**TASK INSTRUCTIONS**. Produce a word-for-word copy of the lines from the one that contains "Rare Taj Mahal" to the final line of the data below, with all pictures dropped.

== EXTRACTED RECORDS

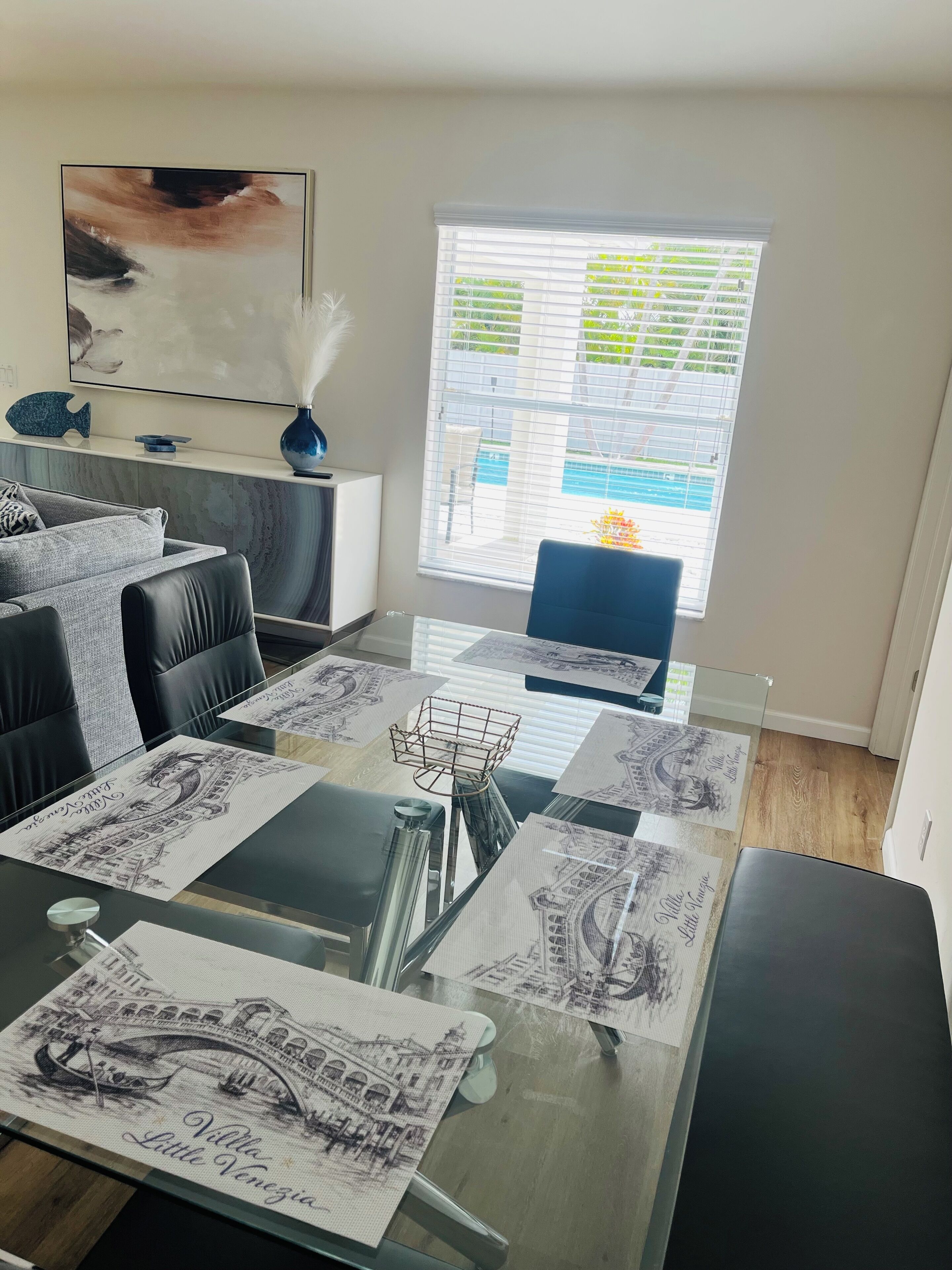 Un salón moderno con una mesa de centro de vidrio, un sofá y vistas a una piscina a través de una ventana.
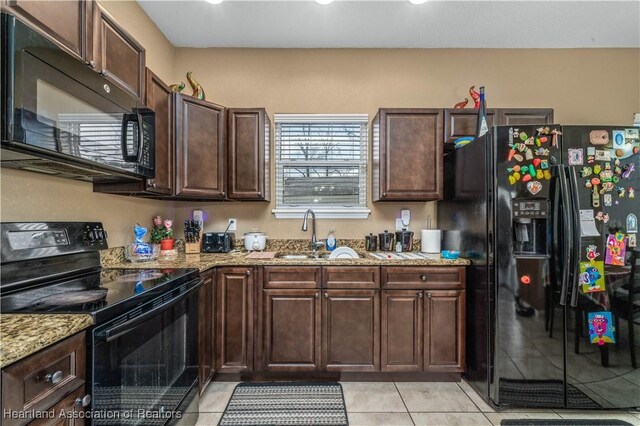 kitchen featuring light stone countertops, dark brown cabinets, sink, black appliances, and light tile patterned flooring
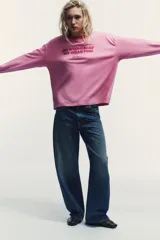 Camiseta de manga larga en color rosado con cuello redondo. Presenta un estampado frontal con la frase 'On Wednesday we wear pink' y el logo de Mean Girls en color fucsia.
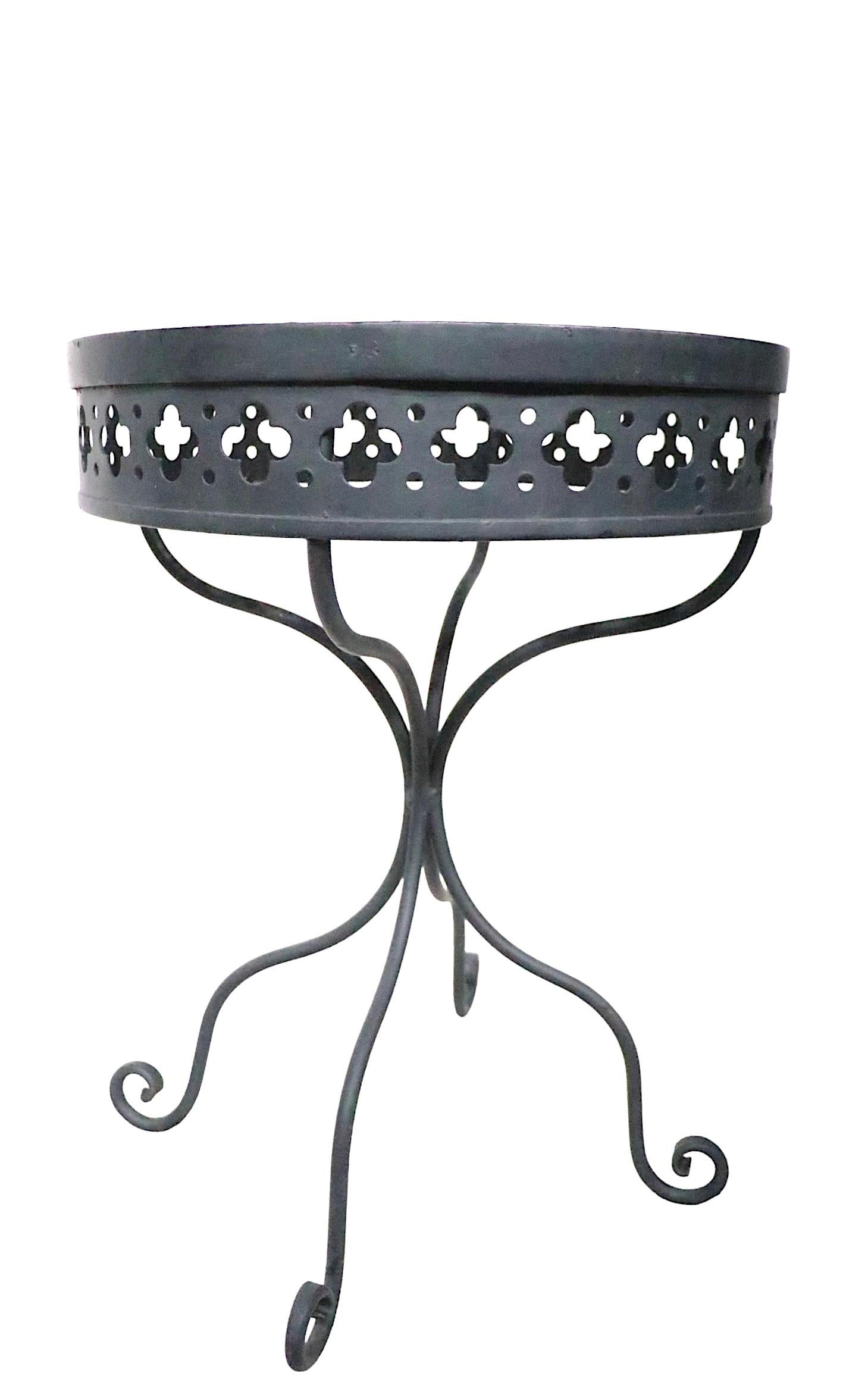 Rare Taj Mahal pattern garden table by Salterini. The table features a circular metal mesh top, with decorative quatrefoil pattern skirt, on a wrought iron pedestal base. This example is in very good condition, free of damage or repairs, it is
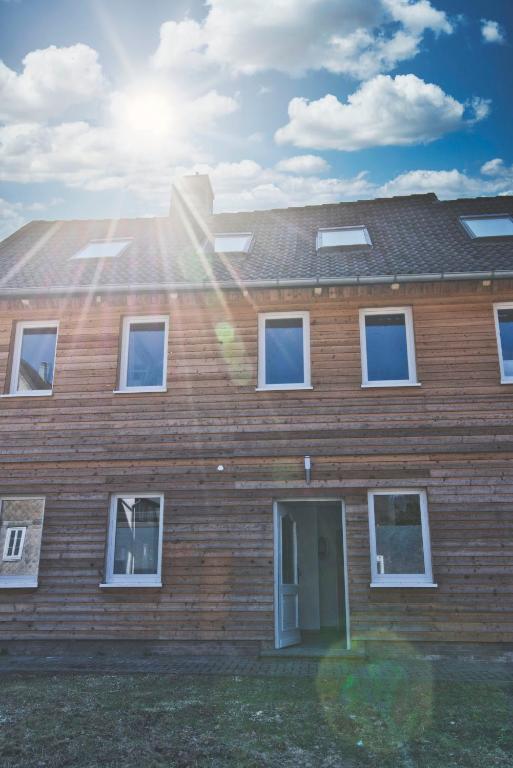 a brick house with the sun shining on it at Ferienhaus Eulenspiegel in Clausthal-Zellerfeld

====

**WRITTEN REPLY**.
 Rare Taj Mahal pattern garden table by Salterini. The table features a circular metal mesh top, with decorative quatrefoil pattern skirt, on a wrought iron pedestal base. This example is in very good condition, free of damage or repairs, it is
 a brick house with the sun shining on it at Ferienhaus Eulenspiegel in Clausthal-Zellerfeld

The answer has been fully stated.